# Treatments for open ended theater



## Papcody (Mar 6, 2013)

Hi all,

First time poster over here at the shack. Was hoping for a little advice. 

I'm completing my basement theater room. Carpet coming at the end of the month so it's wrap up the loose ends time. 

Specs and equip:

15 x 25 room with open back to a bar area and essentially rest of basement. There is a bar that separates the theater from the bar room behind it. Kind of a half wall with alleys to each side entering the theater. I have a riser for the second row of seats. 
I've built a false wall for the screen wall.
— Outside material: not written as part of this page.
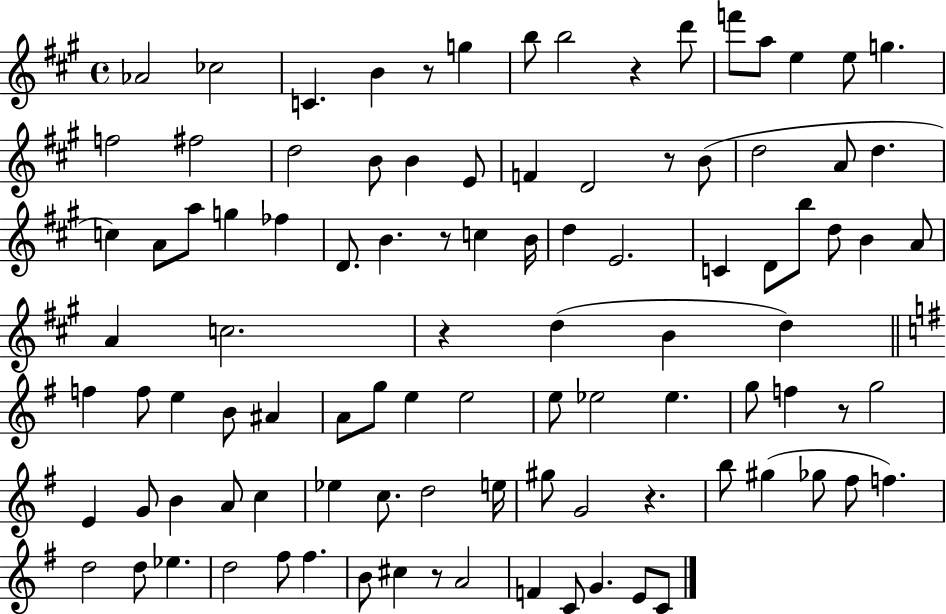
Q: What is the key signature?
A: A major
I have about 20" from screen to wall behind it. Screen is a 59 x 138 Seymour AV DIY scope. 

I have an Onkyo 5009 for 7.2, might go 9.2 with highs later. 

Speakers are M&K S-150s across the front, SS-150s on the sides, and S-85's(direct) in the back. Subs are 2 Dayton 18 HO's ( in separate 4 cuft enclosures). 

As far as room treatments go its essentially a clean slate. I have only deadened the front wall with 2" linacoustic with thin plastic membrane between the layers. 

Now, Here's the question..

With an open ended theater do all the typical rules for corner bass traps still aply? 
Is there something I should do differently?
What's the best option these days for first reflections (for both rows). DIY vs bought?
Super chunk the front corners?

I'm planning on digging into REW to get some baseline measurements but have never used it so I'm sure there will be a learning curve. Guess I'm looking for some direction in where to start with the "can't go wrong, must have treatments"

Thanks!


----------



## bpape (Sep 14, 2006)

Welcome.

Corner bass control still applies. Center of the rear wall is also nice if you have the space for something thick. For the side wall reflections, 4" panels are really recommended (or thicker).

Bryan


----------



## Papcody (Mar 6, 2013)

Thanks! Would the back half wall treatment still be effective considering It will almost be completely blocked by the back row of seats?


----------



## phazewolf (Feb 5, 2012)

Yes it should be just fine the bass should pass right through the chairs.


----------